À Tbilissi, capitale de la Géorgie, la judoka iranienne Leila Hosseini (Arienne Mandi) affronte ses adversaires féminines dans l’ultime tournoi international pour les championnats du monde de judo. Son mari et ses proches, depuis Téhéran, se serrent dans leur appartement pour suivre de loin les compétitions devant leur petit écran. La sportive de haut niveau est cornaquée par son coach, Maryam (campée par Zar Amir, la coréalisatrice du film), l’une comme l’autre coiffées du hijab, comme il se doit, sous la surveillance des sbires de la République islamiste. Leila va-t-elle ramener la première médaille d’or de l’Iran ?
Mais voilà, le risque est grand que Leila, parvenue en finale, doive se battre contre une judoka native du Grand Satan : Israël. La police du régime s’active donc pour convaincre Leila de simuler la blessure qui l’empêchera de compétir contre l’athlète de la nation maudite. Perdre la face devant une Juive ? No way. La pression s’appesantit donc sur la famille restée au pays pour faire céder Leila. Pour échapper in extremis à l’arrestation, son mari s’enfuit, leur enfant dans ses bras; les services balancent à Leila, sur son smartphone qui n’arrête pas de sonner, les images de son propre père violenté… La menace pèse également sur l’entraîneuse, Maryan, et sur les siens, laquelle, également harcelée au téléphone par les ogres des mollahs, se sait piégée. Elle commence par implorer Leila de renoncer. Jusqu’à se colleter physiquement avec elle, sous le regard des organisateurs (anglophones) de la compétition, attentifs quoiqu’il en soit au strict respect du règlement sportif par toutes les puissances engagées dans la compétition. Rage de Leila, atermoiements de Maryan… Jusqu’au combat final, qui réconcilie les deux courageuses jeunes femmes dans leur lutte commune pour la liberté. Avec l’appui des autorités locales, l’exil, au bout du compte, sera leur échappatoire.

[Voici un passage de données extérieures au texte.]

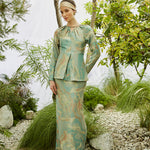 INNAIRED-RAYA2024-RTW-GOLDENHOUR-LEONA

Le choix du noir et blanc n’est pas anodin : le blanc, couleur du kimono de Leila, s’oppose au noir des barbus et des tchadors, selon un parti pris esthétique « auteuriste » appuyé, qui s’adosse à la coopération professionnelle entre Guy Nattiv (le réalisateur des Nuits de Mashhad en 2022, film célébré à juste titre), et Zar Amir qui y fut l’actrice principale mais aussi la directrice de casting, et avait à cœur de passer un jour à la réalisation : la voilà donc ici des deux côtés de la caméra. La voix du commentateur survolté qui égrène en off le nom savant des prises de judo (du shimewaza au uchimata…) rend compte de la technique des combats, filmés comme à la télé, en plan serrés, de façon quelque peu répétitive à la longue pour le spectateur ignorant en matière de judo.

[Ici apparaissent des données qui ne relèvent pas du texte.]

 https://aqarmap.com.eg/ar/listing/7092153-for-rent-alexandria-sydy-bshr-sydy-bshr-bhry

C’est un peu la limite de Tatami : il s’appuie sur un suspense désamorcé par avance, puisqu’on en connaît l’enjeu dès la première minute. La démonstration du caractère criminel de la dictature iranienne n’est plus à faire ; et comme la cause est entendue, le film paraît lui-même emprunter aux outils de la propagande pour nous asséner une sentence qui va de soi, contre un régime parfaitement haïssable – et haï, comme l’on sait, par la grande majorité des Iraniens eux-mêmes. Dès lors, Tatami déroule son tapis noir et blanc sans vrai motif de surprise.
Tatami. Film de Guy Nattiv et Zar Amir. Avec Arienne Mandi, Zar Amir. Georgie / Etats-Unis, noir et blanc, 2023. Durée : 1h43.